Bob McKeon

December 19, 2011

Climate change is very much in the news these days. A decision on the controversial Keystone XL pipeline has been delayed by President Obama in the U.S. The proposed Northern Gateway pipeline through Northern B.C. is experiencing strong opposition from aboriginal leaders and environment groups.

The European Union is proposing to penalize oil coming from Alberta oilsands because of environmental concerns. Canada's position at the UN Climate Change talks in Durban, South Africa, is being widely criticized, both internationally and within Canada.

The federal and provincial governments and the oil companies see all this debate primarily as a "branding" problem requiring increased advertising budgets and hiring more lobbyists and publicists. This is unfortunate and short-sighted at a time when real "on-the-ground" changes are urgently needed.

There is an increasing international consensus that the threat of harmful climate change due to greenhouse gas emissions is real. The International Energy Agency warns that without significant changes in global energy policies in the next several years, "rising fossil energy use will lead to irreversible and potentially catastrophic climate change."
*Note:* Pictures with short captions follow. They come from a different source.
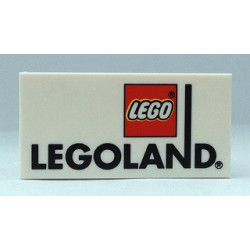 Tile 2 x 4 with LEGOLAND Logo Pattern: {бял}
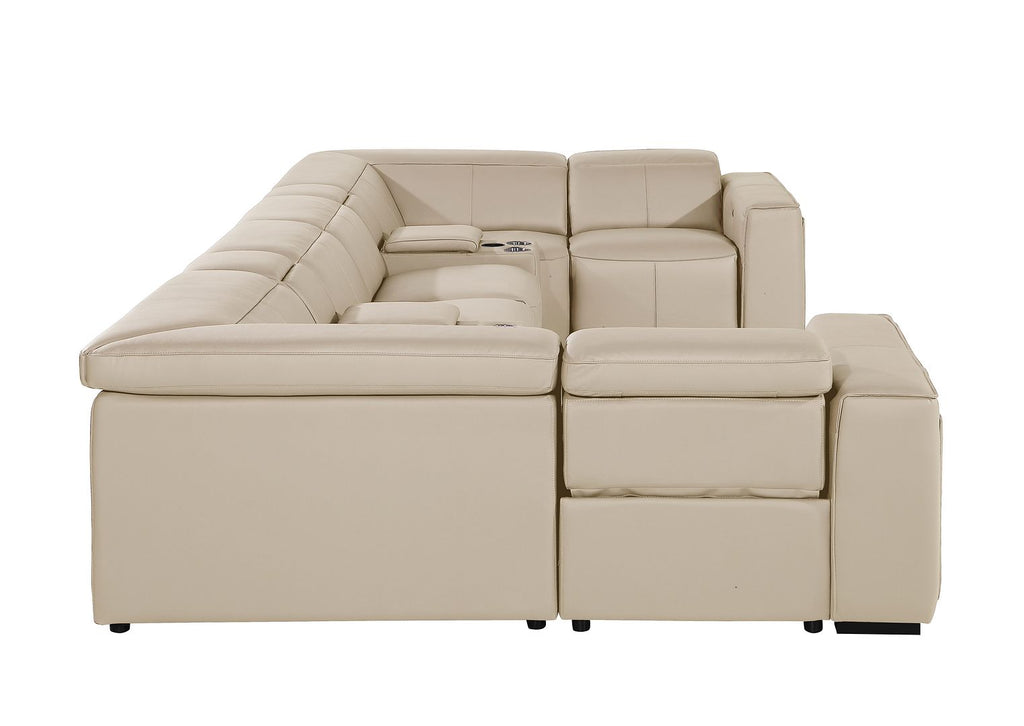 1224 Divanitalia 8-Piece U-Shaped Sectional Sofa in Top Grain Italian Leather with 4 Power Recliners & Power Headrests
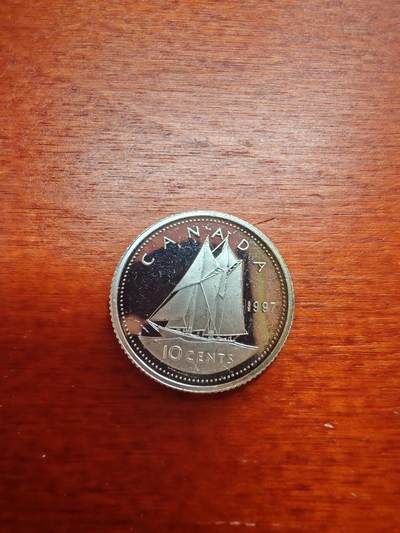 长老汇马年精选第四场拍卖 - 1997加拿大蓝鼻帆船10分精制银币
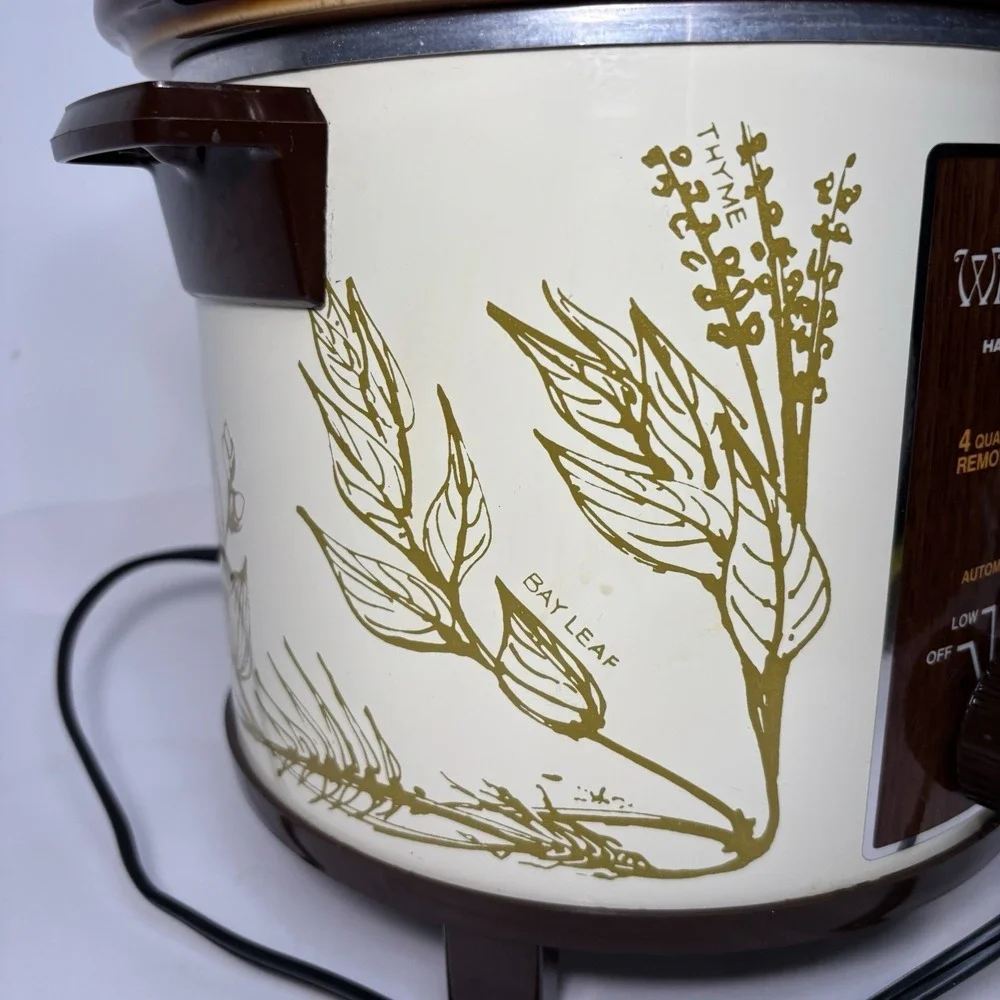 Hamilton‎ Beach 415HD Slow Cooker 4Qt Herb Garden Vintage Removable Crock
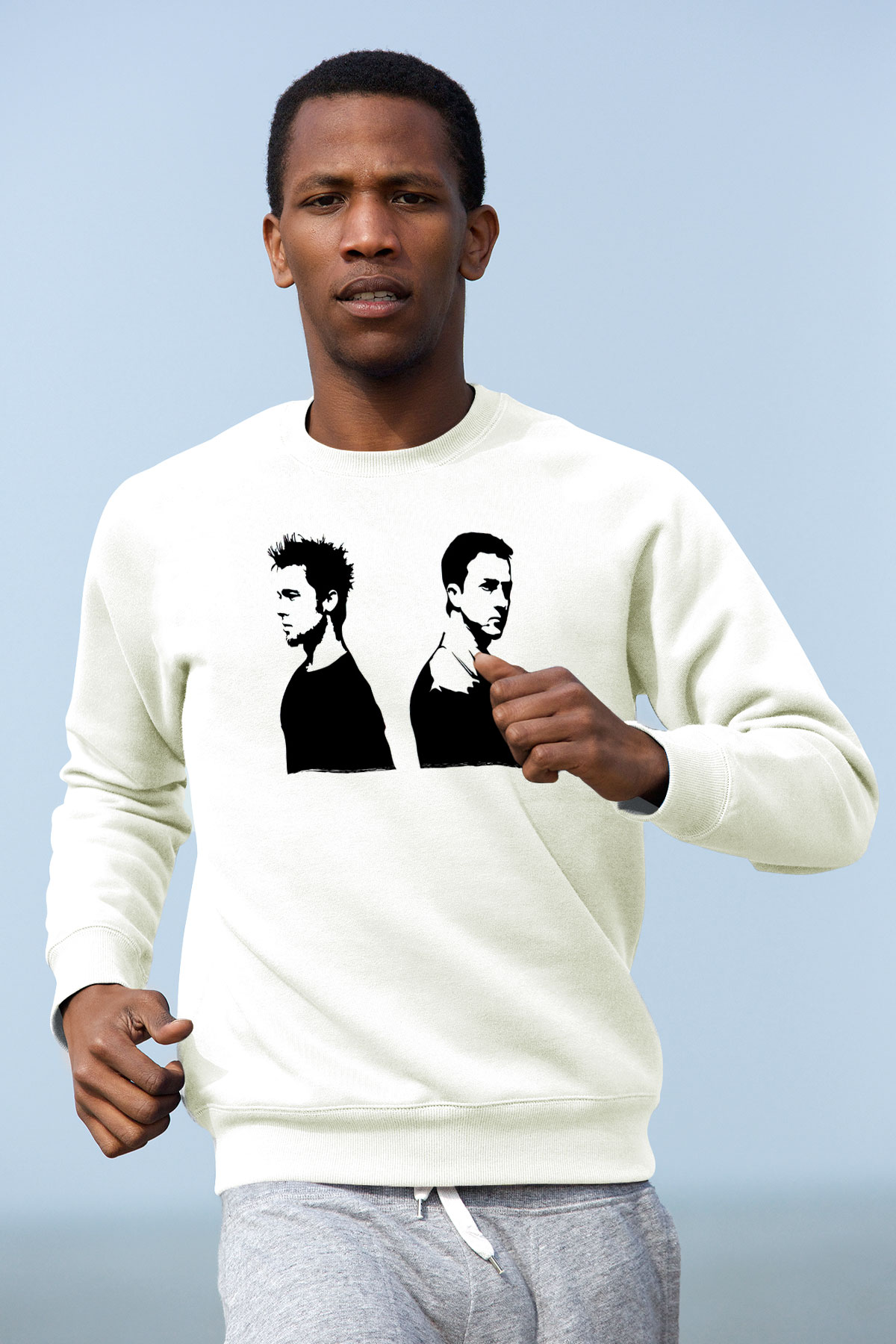 Fight Club (Tyler Durden) Baskılı Beyaz Unisex Sweatshirt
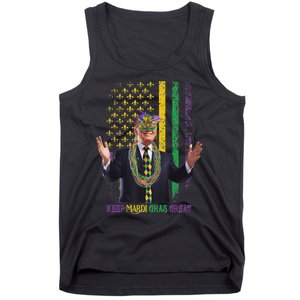 Keep Mardi Gras Great Funny Trump Mardi Gras 2025 Flag Tank Top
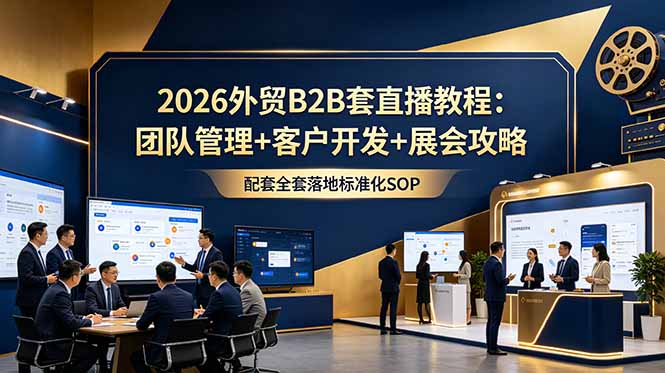 （18994期）2026外贸B2B套直播教程：团队管理+客户开发+展会攻略，配套全套落地标准化SOP-宇文网创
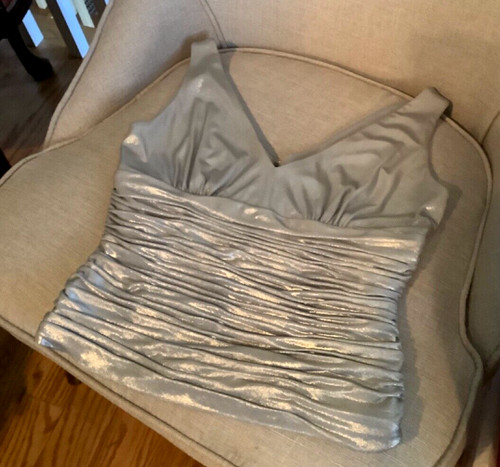 Adrianna Papell Evening Essential Silvere Ruched Top Size 4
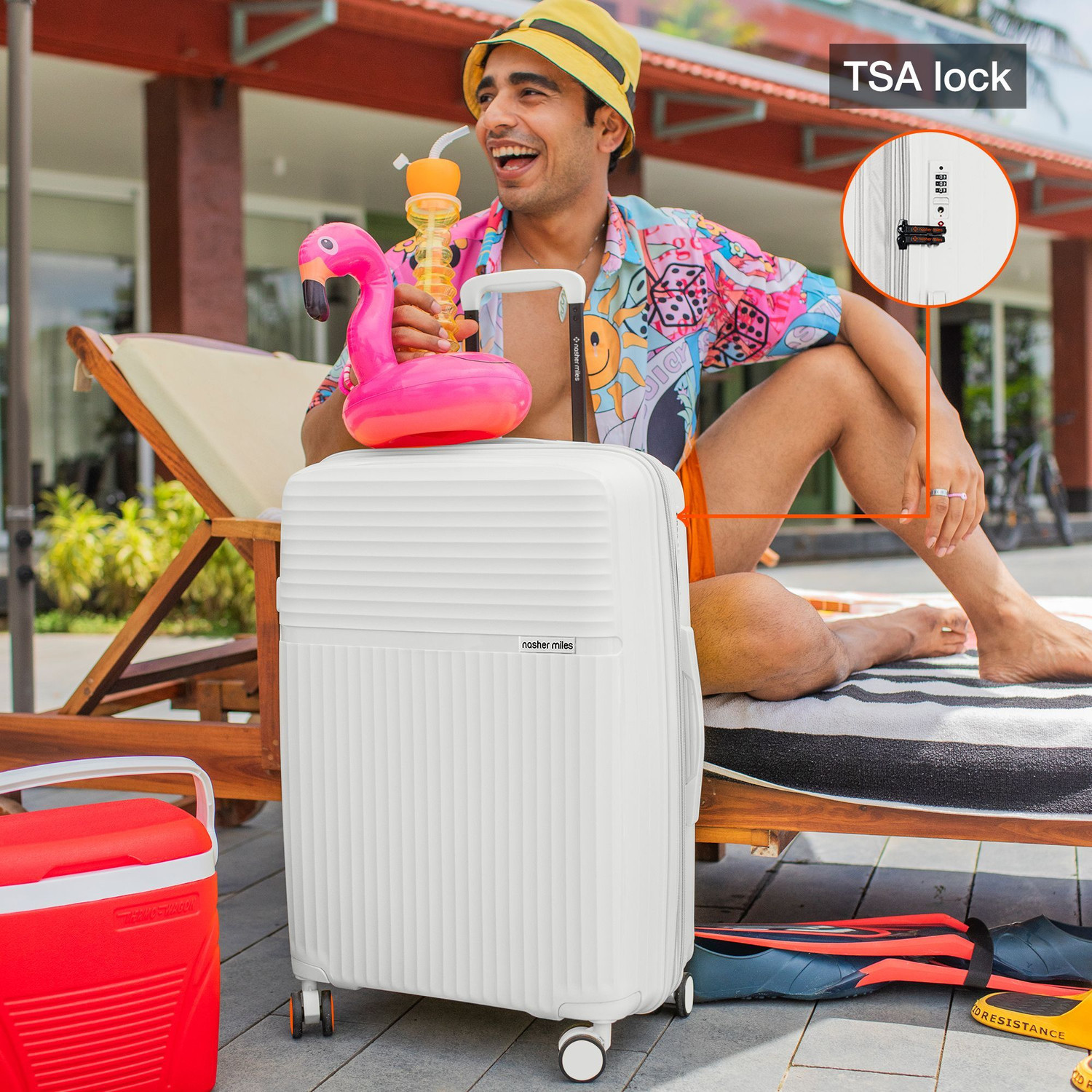 Image of NASHER MILES Expander Hardside Polypropylene Check-in White 65cm Trolley Bag Expandable Check-in Suitcase 8 Wheels - 24 inch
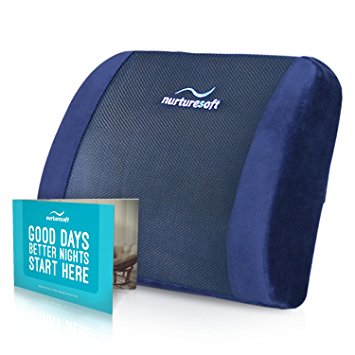 NurtureSoft 2-in-1 Orthopedic Lumbar Support Back Cushion Pillow for Office Chair and Car Seat | 100% "Pure" Memory Foam for Long-lasting Lower Back Pain Relief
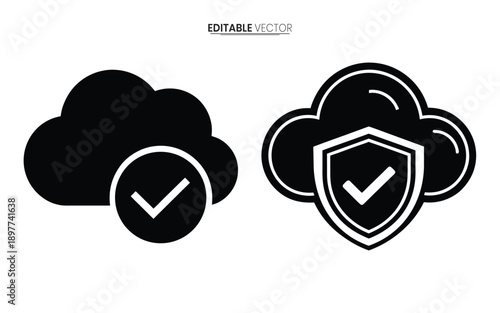 Two black cloud icons with checkmarks one inside a circle one within a shield
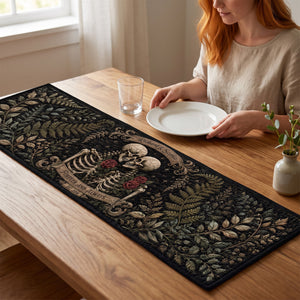 Eternal Love Skeleton Couple Quilted Table Runner - Personalized Gifts For Couples 01naqn180826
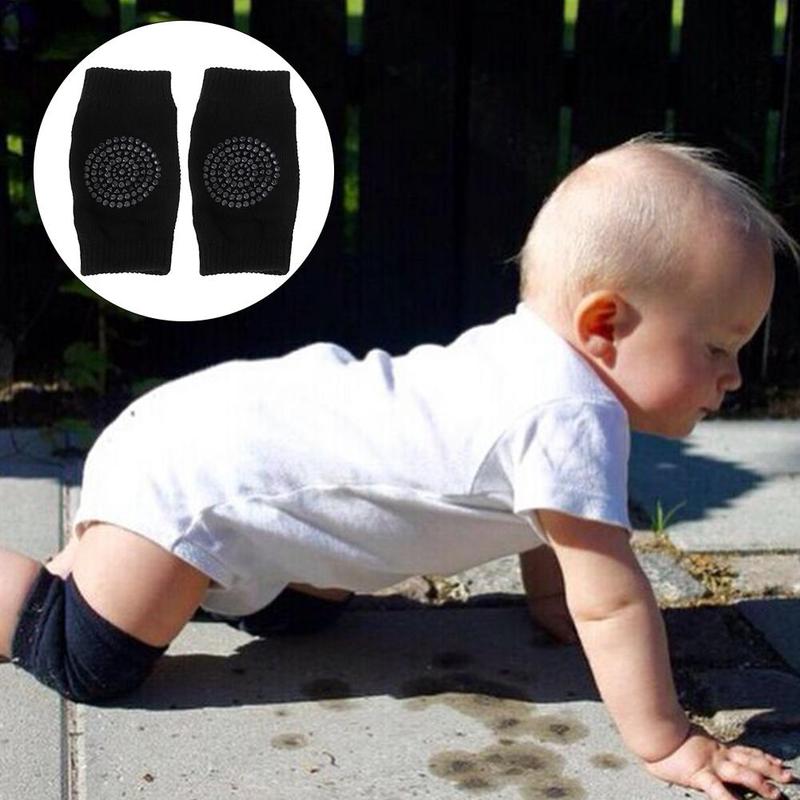 1 par baby knæpuder kæmmet bomulds elastisk benvarmer baby crawl læring knæ støtte beskytter børn kort knæpude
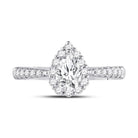 14K White Gold Pear Diamond Women's Pear Halo Bridal Wedding Engagement Ring (Certified) 1 Cttw - Splendid Jewellery
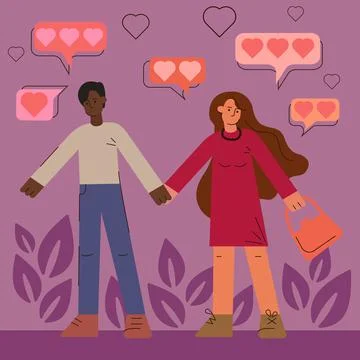 Modern vector flat illustration of a couple in love. A man and a woman hold h Stock Illustration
Catholic voices are speaking out. The day before the UN Climate Change Conference opened, Pope Benedict said he hoped "that all members of the international community will agree on a responsible, credible and supportive response to this worrying and complex phenomenon, taking into account the needs of the poorest populations and of the generations to come."

Cardinal Oscar Rodriguez Maradiaga, president of Caritas Internationalis, led a Caritas delegation to Durban to speak on behalf of poor countries that suffer from the serious impacts of climate change, and to insist that urgent action is necessary.

Caritas speaks of "climate justice" for those poor countries "who suffer the most from the impacts of climate change and have contributed the least to it." Caritas points out that food security is very much being put at risk in poor countries due to climate change.

This year Development and Peace is educating Canadians about this important link between climate change and the availability of food.


Meanwhile, Canadian government and industry leaders are seeking to postpone any binding agreements to reduce energy-related greenhouse gas emissions in order to avoid costs to the economy at a time of fragile economic recovery.

The International Energy Agency argues that this delaying action is a false economy. Modest costs avoided today will lead to major financial burdens being imposed on the next generation.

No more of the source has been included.